Even worse, there is a third victim, and yet no one knows if these people had been randomly chosen or if there was some sort of link between the three in a "larger prearranged plan." The killings have caused people to remain in their homes causing havoc for the shopkeepers, and while the police are starting to make connections, the question of who is responsible remains a mystery and leaves the Paulsfield Sniper to remain at large.
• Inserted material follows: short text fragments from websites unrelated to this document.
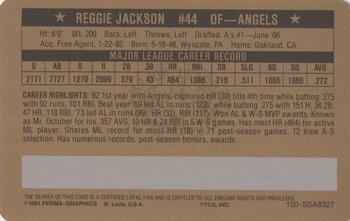 1983 Perma-Graphics Super Stars Credit Cards - Gold #27 Reggie Jackson Back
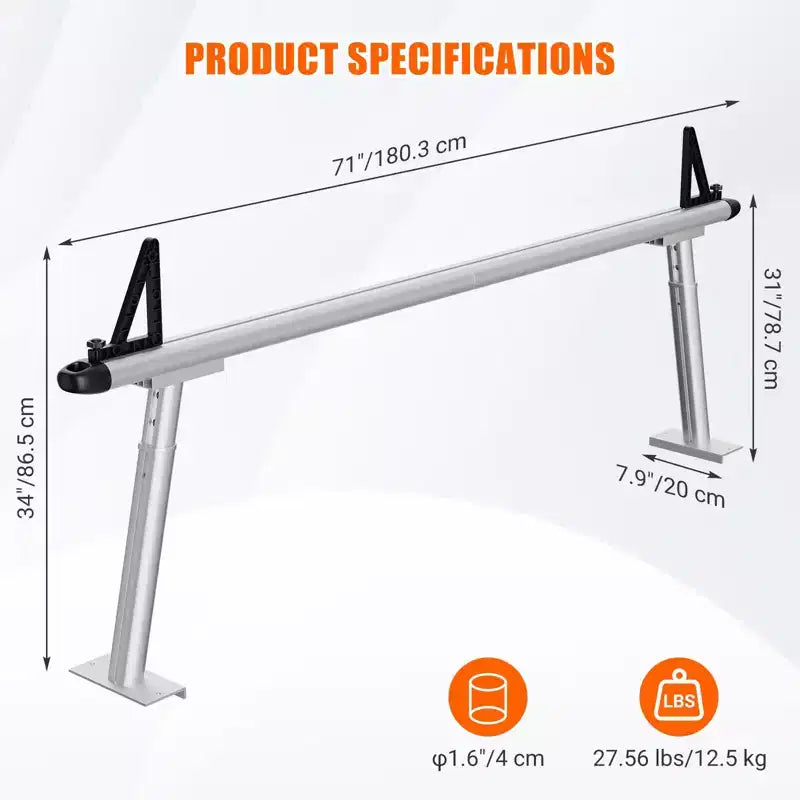 Truck Rack Ladder Rack - 71 Aluminum 800lb Capacity, No-Drill C-Clamps, Universal Fit for Pickup Beds, Powder Coated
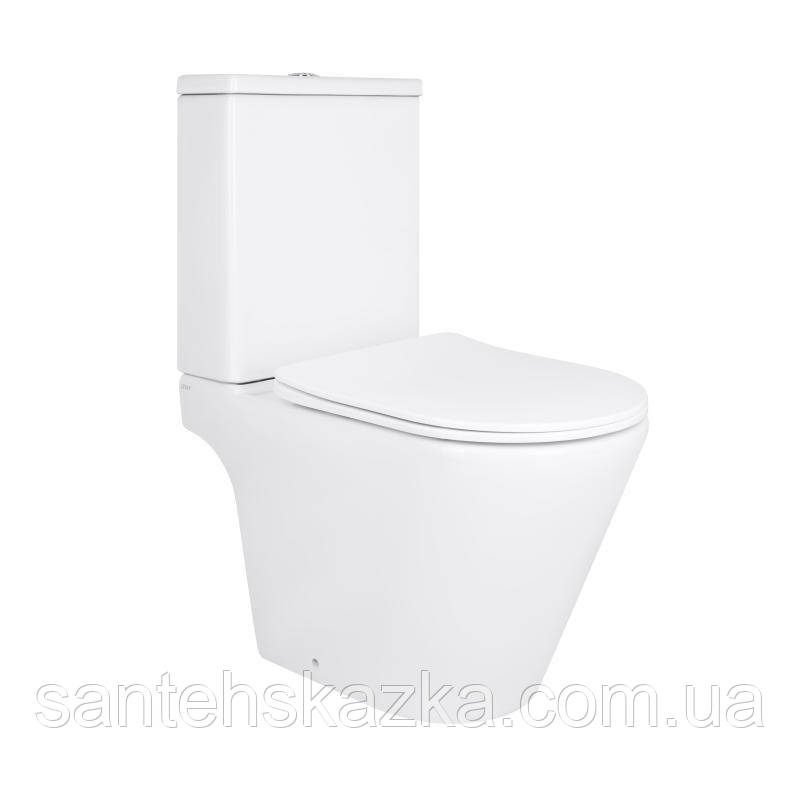 Унітаз підлоговий Qtap Dove Rimless безобідковий із сидінням Soft-close WHITE QT06228380BW, фото 1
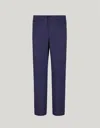 Canali Pantalon Bleu En Laine In Blue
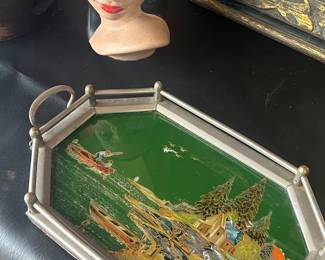 European reverse painted tray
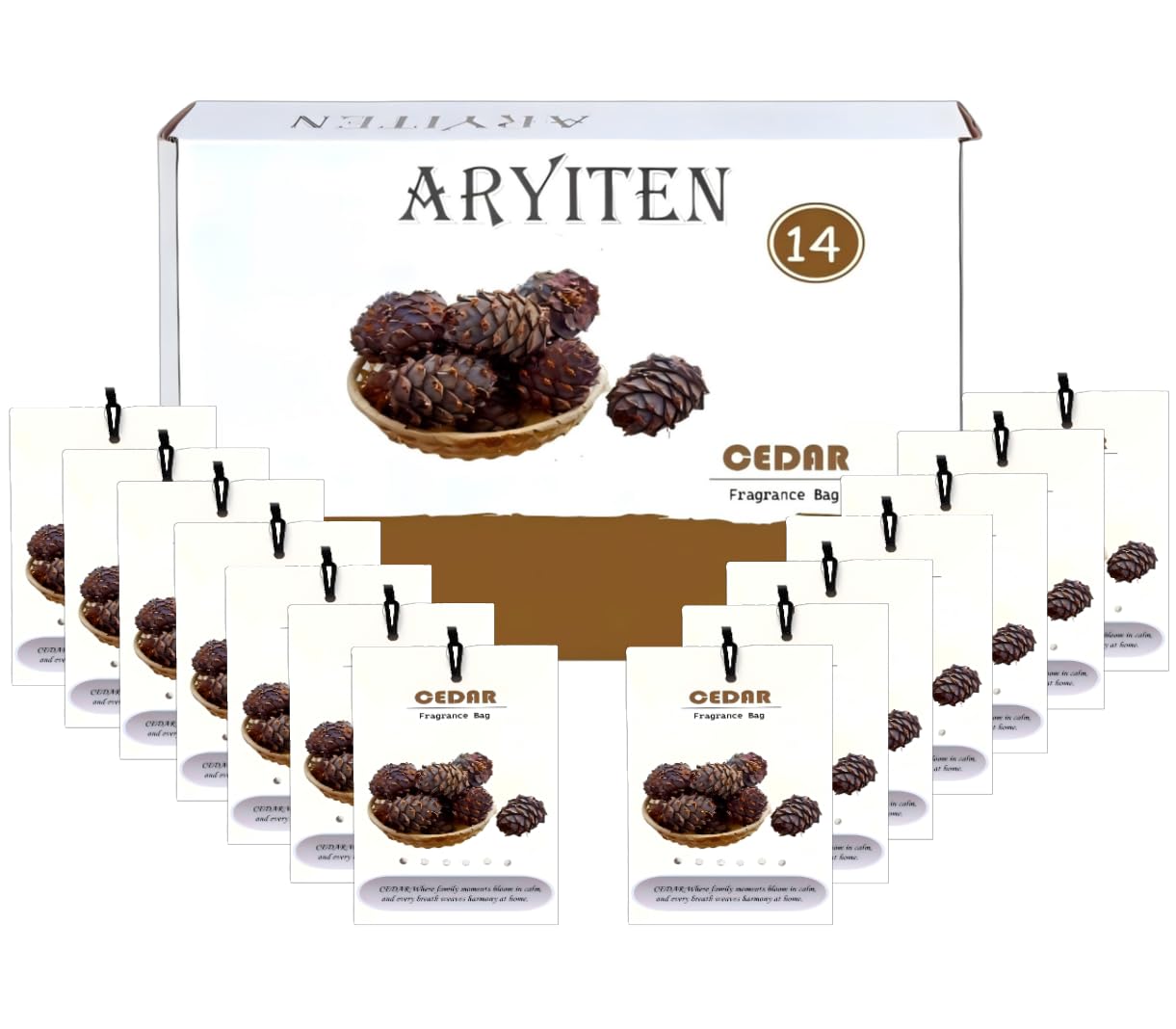Aryiten 14 Packs Large Cedar Scented Sachets for Closet Deodorizer Drawers, Hanging Long Lasting Potpourri Bags Home Fragrance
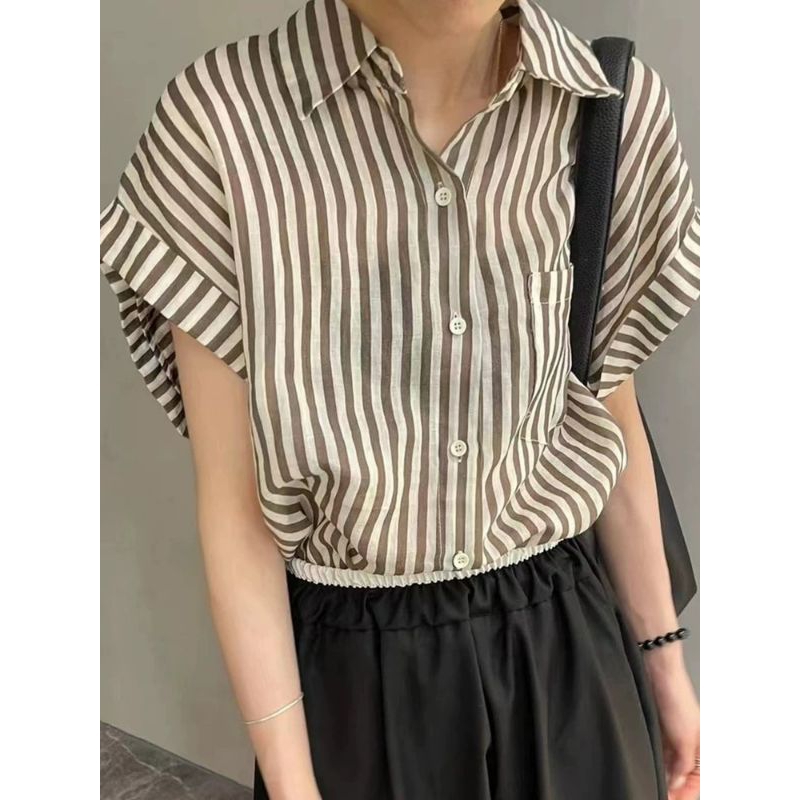 PAKAIAN WANITA BAJU ATASAN KEMEJA HEM SHIRT OVERSIZE SALUR STRIPE GARIS HALEY "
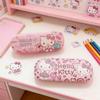 Кейс для очков Hello Kitty Милый Девичий Сердечко Кожаный Кейс для очков от близорукости Ударопрочный Анти-давление Девичья Коробка для хранения очков Подарок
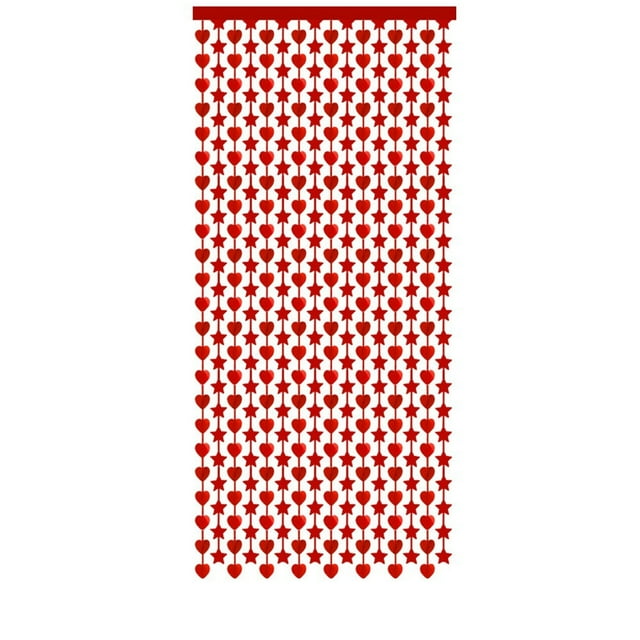 Deeceymbur Décorations de la Saint-Valentin Rideau de Pluie en Soie en Forme de Cœurs Rouges pour Arrière-Plan de Fête Mur Porte Déco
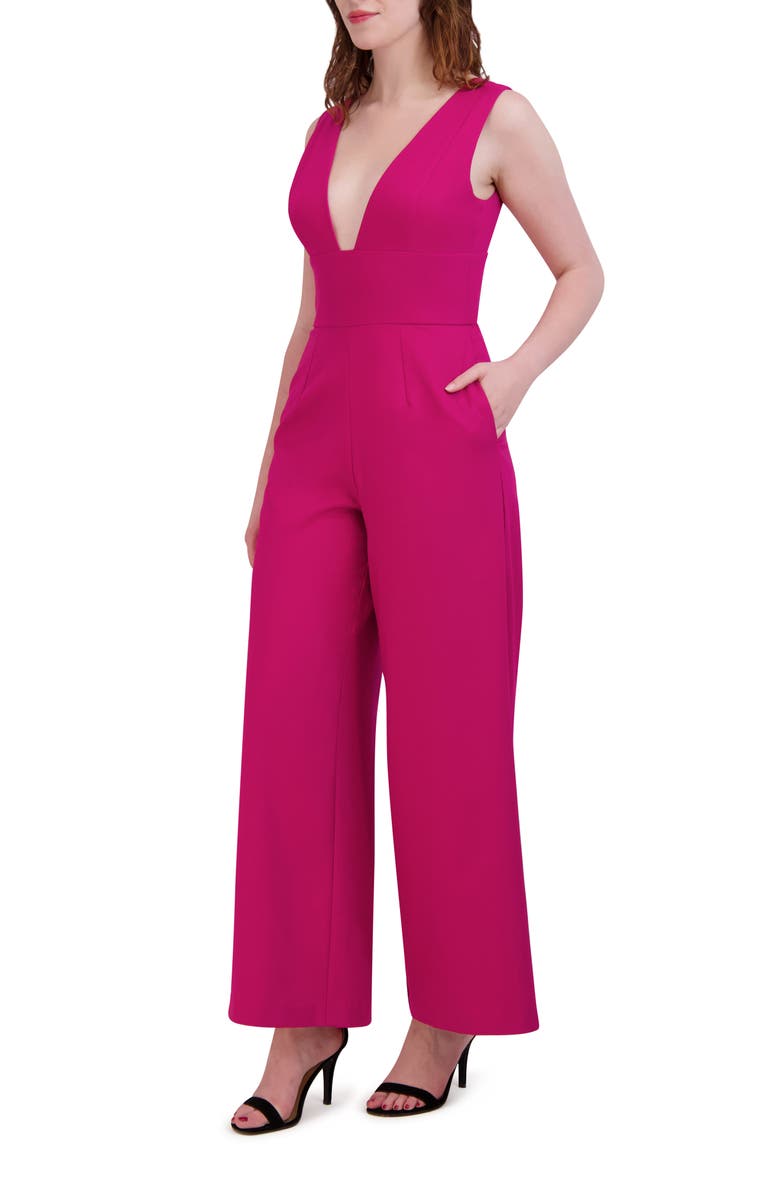 Julia Jordan Plunge Neck Wide Leg Jumpsuit, Alternate, color, Dark Cerise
As this is my first experience with Clifford Witting's mystery novels, I have no idea whether or not he does this in all of his books, but here he leads the reader on quite a merry chase through the police investigation before we realize at the very end that we've been had in a nice bout of misdirection. And I was fine up until that point, enjoying the mystery, putting the clues together in my head and even taking notes while reading. Normally the author's sort of "gotcha" moment is a good one, meaning that he or she has put together a story whose solution I never would have guessed because I was following the trail of red herrings. And while that happened here, when the killer was disclosed it was so out of left field that I had to go back and reread certain chapters just to try to figure it out. Still, it was fun up to that point so I can't complain too much, but somehow that final moment just didn't seem fair. Be warned that this book ends so abruptly that I was looking for evidence that some of the pages had been torn out of my copy.
Not great, but not bad, sort of middle of the road with an interesting lead character. In my mind, not quite as nicely done as the previous Séptimo Círculo books, but still a good read.